No, I think you are right. I suppose eating is usually a "static" acticity and very rarely challengig or rewarding (well, unless you have to eat soup with a fork, or getting rewarded through story) - so it is but the social part that keeps eating interesting. And very well put, I do love a good book - but the game has so many other premises that need to be seen to, like you said.

Wow, a formal banquet! I love that. And do you have your napkin on your lap, or do you have it tucked down your shirt like a bib? Did you pull out the chair for the lady next to you? Do you say prayers? Is your character a devout believer? Lots to work with!

There could also be an element of fear over it.
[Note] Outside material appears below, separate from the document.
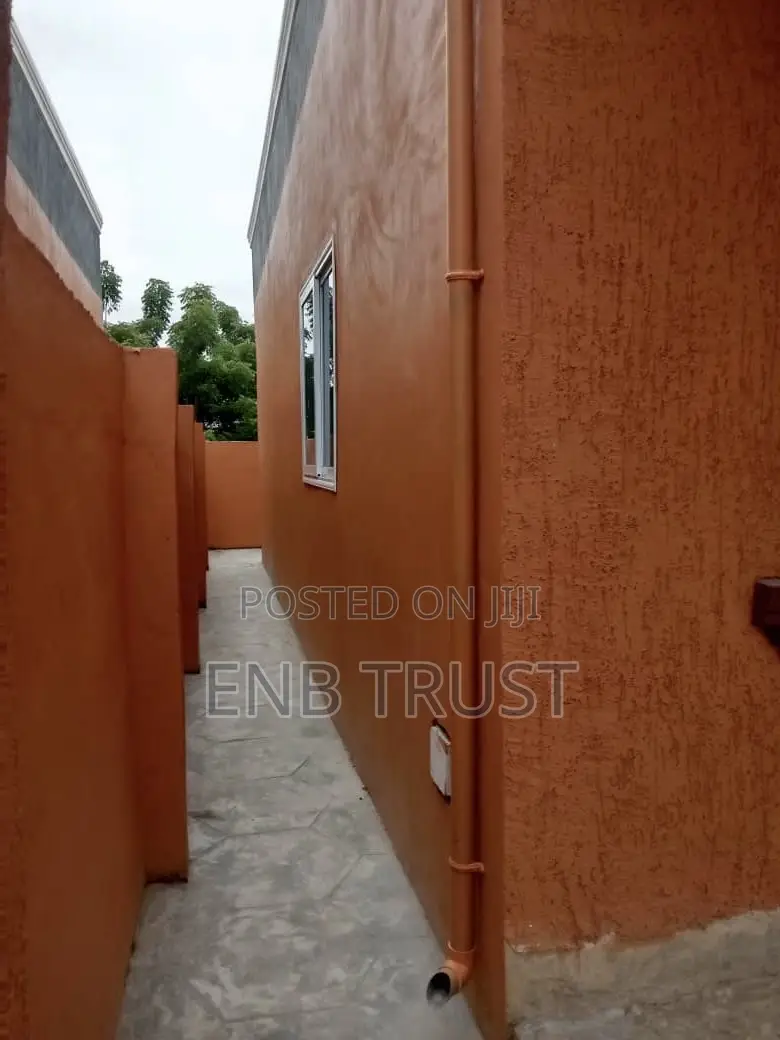 2bdrm House in Ablekuma, Pokuase for sale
Like, you know the soup is poisoned, but you don't KNOW know, for sure. So you can't say anything in fear of insulting the host, so you have to observe everyone around the table to see who's not eating the soup. -- And then use dialogue to ask them innocent questions to get to the bottom of it. "Are you allergic to leek, Mr. Walnut?" on which you have put Mr. Walnut on the spot! *GASP* And try to warn your friends without speaking, AND avoid eating soup yourself! Do you pretend to spill it? Do you scoop it on to the floor? Oh the challenges!

It would be harder around a campfire though, unless you had to wrestle your dinner on to a spit before cooking it. But then, again, the meal wouldn't be the interesting bit.

Could always slap on some very unsexy quicktime event of "tap A repeatedly to eat", but then I would rather go hungry to be honest.